Mutiny Against Man
Fear of the Animal Planet: The Hidden History of Animal Resistance
By Jason Hribal
AK Press, 2011, 280 Pages
In 2010, Sea World’s star attraction, an orca named Tilikum, shocked a group of onlookers when he seized his trainer and pinned her underwater for five minutes. Staff and security had to pry the woman’s body from his mouth. An autopsy later showed that her spinal cord had been severed and her ribs, jawbone, and cervical vertebra fractured. It was not the first time Tilikum had been involved in the death of a trainer. In 1991, along with two other orcas at Sealand in Vancouver, he killed a part-time trainer who slipped and fell into the tank. Eight years later he savaged a 27-year-old man who apparently entered his tank at Sea World after the park had closed. Authorities said the cause of death was hypothermia although the man’s body was covered with abrasions, his testicles had been ripped open, and pieces of his body were found on the bottom of the pool.
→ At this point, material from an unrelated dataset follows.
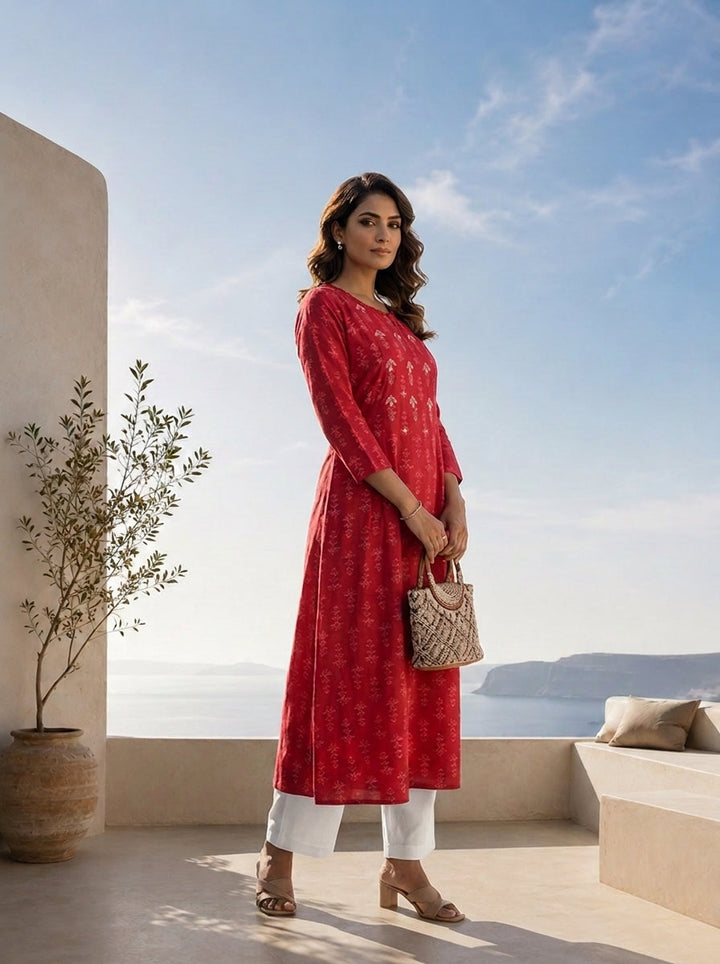 Maroon Silk Ethnic Motifs Printed A-Line Kurta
In the case of animal attacks and escapes from zoos, circuses, and marine parks, official explanations are almost always at odds with the historical record. This is hardly surprising. The corporations that run these theme parks – the private equity firm Blackstone purchased Sea World for 2.3 billion in 2009 – have a vested interest in promoting an image of harmony among the animals and their handlers. But as Jason Hribal argues in his illuminating book, Fear of the Animal Planet, acts of resistance, from “work” stoppages and sabotage to escape and violent attacks, are far more common than we are led to believe.
Beginning with Jumbo the elephant – captured in 1865 and the centerpiece of P.T. Barnum’s circus – Hribal catalogues a long history of abuse, exploitation, and resistance. These animals are often treated poorly, made to live in an environment entirely alien to them (elephants and whales need large amounts of space in which to thrive), and forced to work and perform without end. Jumbo did two shows a day, six days a week and was confined to a small compartment with a concrete floor. This was the only world he knew. Tilikum, shipped around the world from one marine park to another since being captured off the coast of Iceland at the age of two, has performed nearly his entire life. Not surprisingly, the life expectancy and health of these animals is poor compared to their cousins in the wild.
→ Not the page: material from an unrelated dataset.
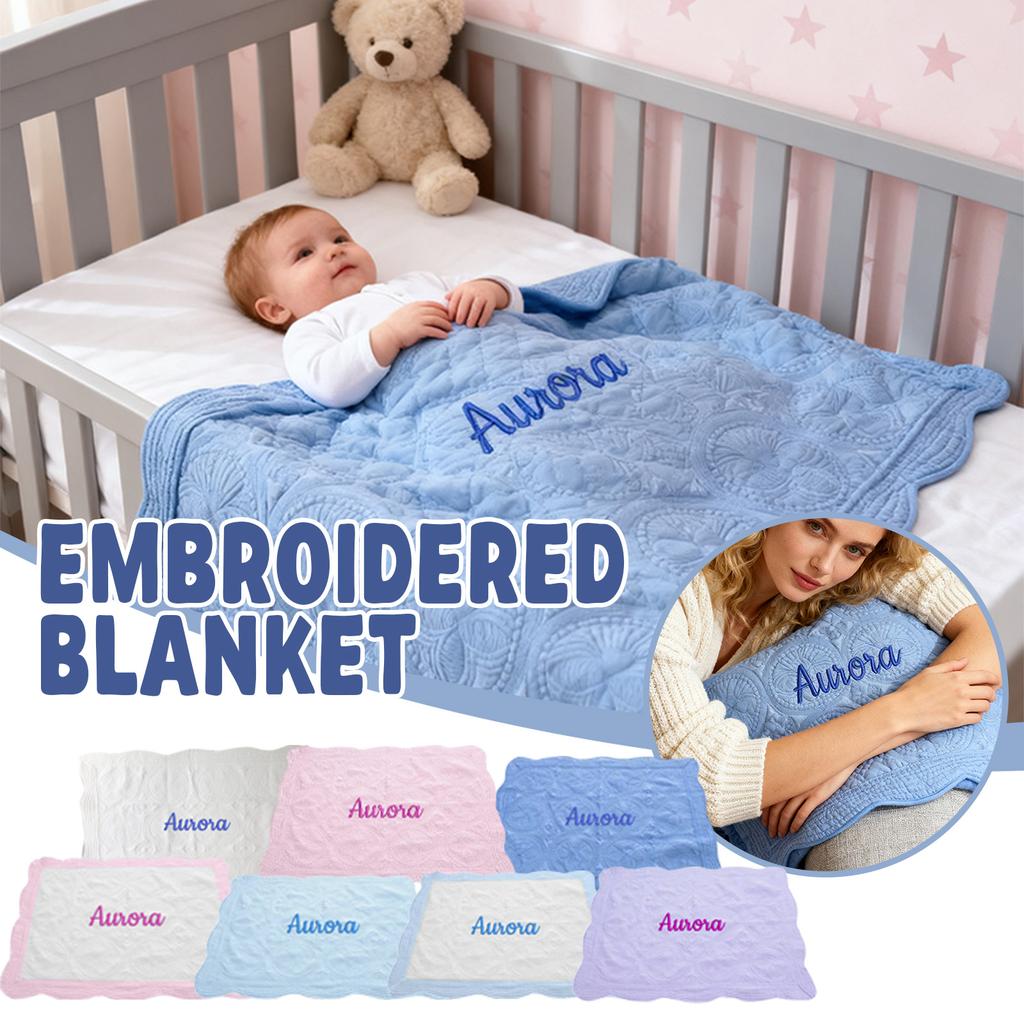 Personalized Custom Embroidered Name Personalized Baby Blanket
But Hribal’s book is less an account of animal abuse than it is an attempt to understand how these animals respond to years of captivity, sensory deprivation, and stress. What is it that pushes a whale like Tilikum over the edge? In the aftermath of the 2010 attack a number of theories were proposed. Many said it was nothing more than instinct; they are, after all, “killer whales.” Others believe that Tilikum had some form of post-traumatic stress disorder. Sea World claimed the whole episode was just an unfortunate accident. Hribal has a different answer:
“As to his [Tilikum’s] ultimate purpose, this was a clear, pronounced demonstration of his dislike of captivity and all that it entails: from the absence of autonomy to the exploitative relations to the ever-increasing workload.”
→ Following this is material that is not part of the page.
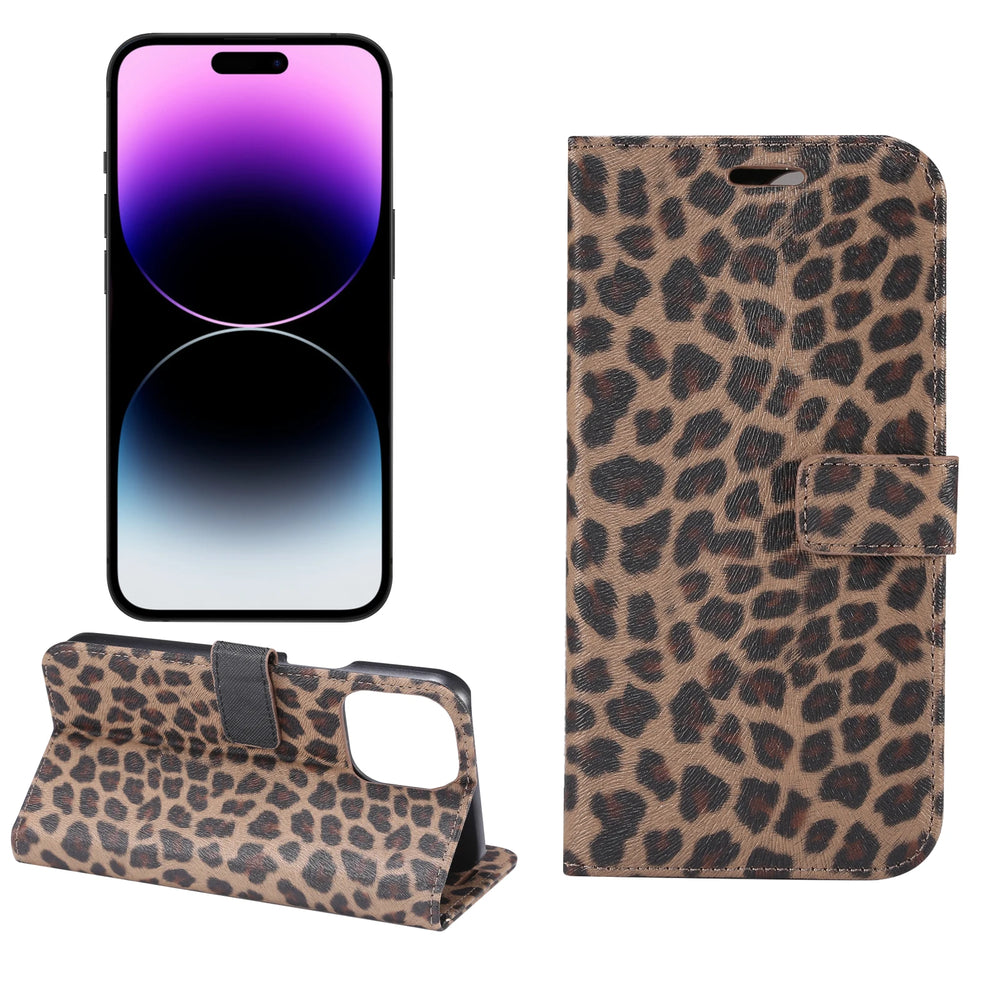 Wallet Design Leopard Pattern Leather Case for iPhone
In the context of a single case Hribal’s claim might sound over the top. But it seems entirely plausible when placed alongside the hundreds of other cases he documents.
That history has largely been hidden from the public. Even other trainers are shielded from the dangers of working with captive animals. Samantha Berg, a former SeaWorld trainer, told CBS that there had been roughly 30 violent incidents between killer whales and trainers before she was hired. She didn’t know about any of them until after she left.
Circuses and aqua parks will do everything they can to keep their prized animals working. The animals are the ones who draw the crowds and bring in the money. Hribal quotes a theme park consultant: “Sea World operations are built around Shamu stadium and the orca. So quantitatively they mean literally hundreds of millions of dollars to the company.” It shouldn’t be surprising, then, that a year after Tilikum killed his trainer, Sea World announced that the whale would return to center stage. According to Sea World, the decision had been made on Tilikum’s behalf because performing “is an important component of his physical, social, and mental enrichment.” Company officials would be wise to read Hribal’s book and consider how things look from inside the cage or the bottom of the tank.